Oh no so sorry for your loss. I think there are people who don't understand how much we love our buns. But we do here. 

They are never here long enough. Don't make yourself feel guilty about not taking her to school. It was just her time and nothing you did or didn't do. 
Binky free lil Gracie.


----------



## Blue eyes (Nov 5, 2012)

So sorry. :rainbow:


----------



## Imbrium (Nov 6, 2012)

I know how you feel - my bunns are my "children" and I'd be devastated if I lost one of them! I'm SO sorry you lost your little Gracie... but at least she had a great and loving home for the last part of her life! it's always so great when a rescue bunny gets a chance to be truly loved.

binky free, Gracie!


----------



## HEM (Nov 6, 2012)

We are so sorry for your loss
Binky free Gracie!!


----------



## Ilovemyrabbit (Nov 6, 2012)

I know how hard it is I love my lil Ash and I can't imagine life without him. 

Its a shame that rabbits didn't live longer. Binky free sweet Gracie you will be loved and missed forever.
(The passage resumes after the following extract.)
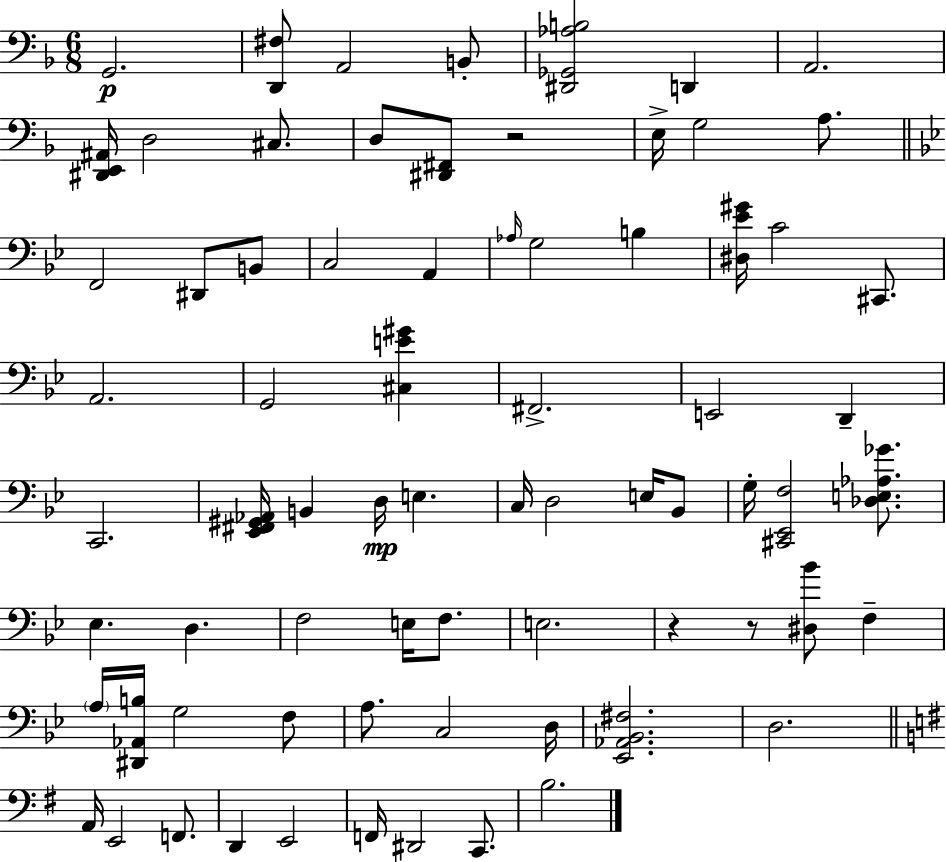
G2/h. [D2,F#3]/e A2/h B2/e [D#2,Gb2,Ab3,B3]/h D2/q A2/h. [D#2,E2,A#2]/s D3/h C#3/e. D3/e [D#2,F#2]/e R/h E3/s G3/h A3/e. F2/h D#2/e B2/e C3/h A2/q Ab3/s G3/h B3/q [D#3,Eb4,G#4]/s C4/h C#2/e. A2/h. G2/h [C#3,E4,G#4]/q F#2/h. E2/h D2/q C2/h. [Eb2,F#2,G#2,Ab2]/s B2/q D3/s E3/q. C3/s D3/h E3/s Bb2/e G3/s [C#2,Eb2,F3]/h [Db3,E3,Ab3,Gb4]/e. Eb3/q. D3/q. F3/h E3/s F3/e. E3/h. R/q R/e [D#3,Bb4]/e F3/q A3/s [D#2,Ab2,B3]/s G3/h F3/e A3/e. C3/h D3/s [Eb2,Ab2,Bb2,F#3]/h. D3/h. A2/s E2/h F2/e. D2/q E2/h F2/s D#2/h C2/e. B3/h.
See you at the Bridge sweet Gracie.

ink iris::rainbow:ink iris::rainbow:ink iris::rainbow:ink iris::rainbow:ink iris::rainbow:ink iris::rainbow:ink iris::rip:


----------



## Nancy McClelland (Nov 6, 2012)

Were so sorry to hear you lost your little Gracie.:bunnyangel:


----------



## Hyatt101 (Nov 7, 2012)

I'm so sorry for your loss!


----------